MATERIALS AND METHODS

Summary of JCOG0404

The eligibility criteria of JCOG0404 included histologically proven colon cancer that comprised of adenocarcinoma, signet ring cell carcinoma, or adenosquamous carcinoma; tumor location in the cecum or ascending, sigmoid, or rectosigmoid colon; lesion of T3 or deeper without involving other organs, N0‐2 and M0; ≤8 cm tumor size; and patient age of 20‐75 years. Only accredited surgeons were permitted to perform surgery either as an operator or as an instructor; for OP, surgeons needed to have experience of 30 or more OP colectomies and, for LAP, surgeons needed to have experience of 30 or more cases each of OP and LAP colectomies; and surgeons performing LAP had to be certified according to the Endoscopic Surgery Skill System by the Japan Society for Endoscopic Surgery. D3 lymph node dissection as described below was required. The trial's primary endpoint was OS. In patients with stage II/III colon cancer, non‐inferiority of LAP with D3 dissection to OP for OS could not be confirmed. JCOG0404 was registered with the UMIN Clinical Trials Registry, number C000000105, and http://ClinicalTrials.gov, number NCT00147134. The details of the JCOG0404 study have been reported elsewhere.3, 4 The data of patients who received assigned sigmoidectomy and anterior resection in JCOG0404 were used in this exploratory analysis.

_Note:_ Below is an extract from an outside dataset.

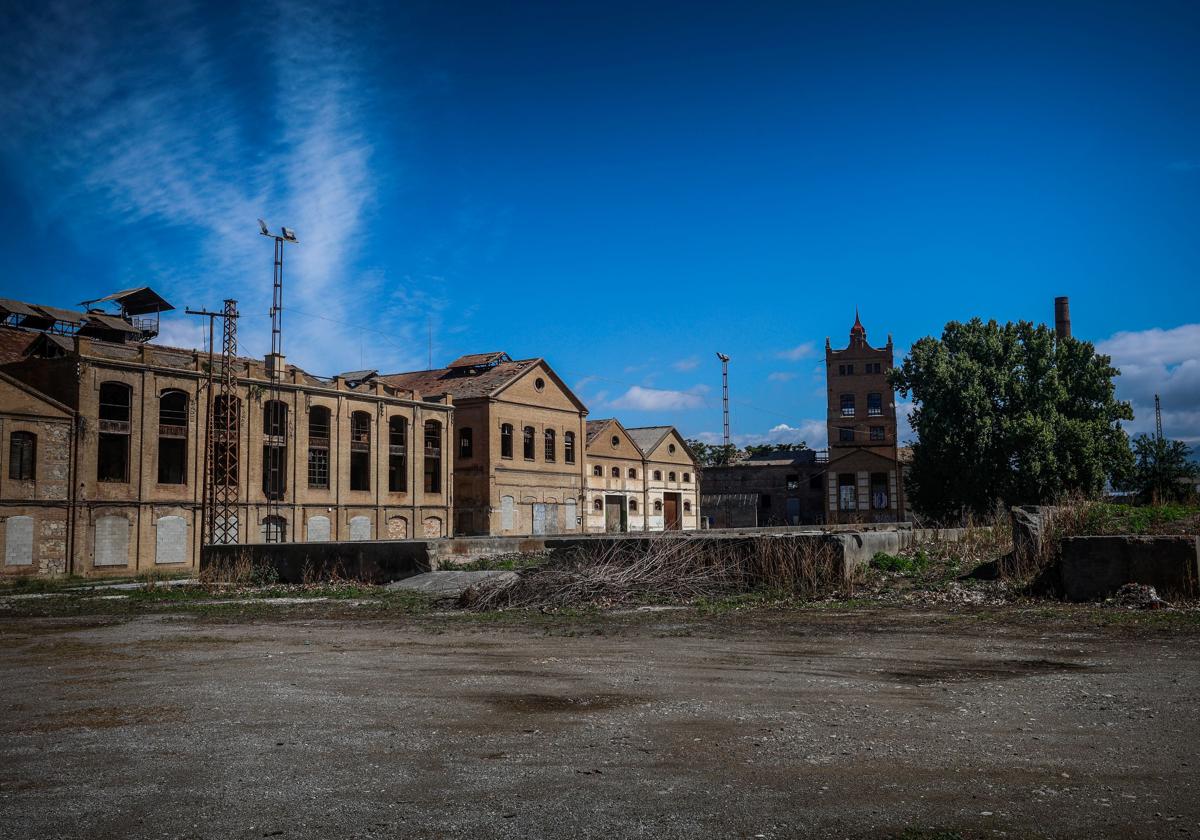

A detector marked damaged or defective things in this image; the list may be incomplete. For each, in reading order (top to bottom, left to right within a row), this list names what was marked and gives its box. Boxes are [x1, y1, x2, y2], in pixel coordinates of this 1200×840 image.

cracked asphalt ground [2, 608, 1200, 836]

Operative methods of D3 dissection with or without LCA preservation

For left‐sided tumors, removal of lymph nodes at the root of the inferior mesenteric artery was performed along with high ligation (Group B) or with LCA preservation and ligation of the inferior mesenteric artery just distal to the LCA (Group A) (Figure 1). The decision to perform procedures with or without LCA preservation depended on the physician's choice. Procedure type was identified from photographs of the surgical field collected for central surgical review in JCOG0404. Completion of high‐quality surgery with D3 dissection was confirmed in JCOG0404 by central peer review of photographs of the surgical procedures in addition to operator regulations.5
Figure 1

Schema of D3 lymphadenectomy with (Group A) and wihtout (Group B) presearvation of the left coloc artery (LCA)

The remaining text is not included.